As Halloween creeps closer… what better way is there to celebrate than to smear on some glitter, slip on your fishnets, and dance? American University students dive into the spirit of the season, performing The Rocky Horror Show this weekend through the 26th at the Harold and Sylvia Greenberg Theatre.
This musical is not a picture show, unlike the 1975 now cult-classic film. The characters are unstuck from the screen. American University’s small, upbeat cast wrapped up its opening night audience, whirled them around, spun them out and left them to wonder, “Did that really just happen?” You leave dazed and entertained, singing the show’s infectious tunes.
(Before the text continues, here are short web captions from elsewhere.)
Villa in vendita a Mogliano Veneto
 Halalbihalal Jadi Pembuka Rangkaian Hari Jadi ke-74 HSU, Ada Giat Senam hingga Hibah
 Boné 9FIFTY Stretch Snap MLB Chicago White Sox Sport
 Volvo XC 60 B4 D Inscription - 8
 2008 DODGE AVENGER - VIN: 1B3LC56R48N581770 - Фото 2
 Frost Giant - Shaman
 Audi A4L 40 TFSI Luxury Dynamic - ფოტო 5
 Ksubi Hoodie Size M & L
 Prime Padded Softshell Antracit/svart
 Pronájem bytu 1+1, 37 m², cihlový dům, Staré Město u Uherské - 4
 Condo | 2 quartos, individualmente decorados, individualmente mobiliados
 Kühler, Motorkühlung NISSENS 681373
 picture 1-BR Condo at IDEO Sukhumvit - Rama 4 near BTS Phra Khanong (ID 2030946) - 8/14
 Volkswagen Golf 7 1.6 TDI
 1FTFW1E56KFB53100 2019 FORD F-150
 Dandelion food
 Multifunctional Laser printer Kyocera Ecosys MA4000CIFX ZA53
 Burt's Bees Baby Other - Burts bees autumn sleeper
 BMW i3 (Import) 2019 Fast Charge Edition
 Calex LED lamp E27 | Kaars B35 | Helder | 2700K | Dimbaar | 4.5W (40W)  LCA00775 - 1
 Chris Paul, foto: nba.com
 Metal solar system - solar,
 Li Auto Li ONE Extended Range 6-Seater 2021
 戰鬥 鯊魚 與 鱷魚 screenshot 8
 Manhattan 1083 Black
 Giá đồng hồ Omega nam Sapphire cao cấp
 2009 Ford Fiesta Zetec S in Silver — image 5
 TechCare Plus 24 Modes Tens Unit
Though The Rocky Horror Show is not plotless, it stresses chaos over structure, fun over function. The storyline of Rocky Horror—if you look hard enough for it—is that all-American couple Janet and Brad wander into the castle of Frank-N-Furter, a mad scientist with madder sexual impulses and a killer wardrobe.
The Rocky Horror phenomenon began with Richard O’Brien’s 1973 London play. O’Brien starred as Riff-Raff, Frank-N-Furter’s creepy assistant. Many of the original cast stayed with the franchise as it became a Broadway show and movie, including Tim Curry, the original Frank-N-Furter.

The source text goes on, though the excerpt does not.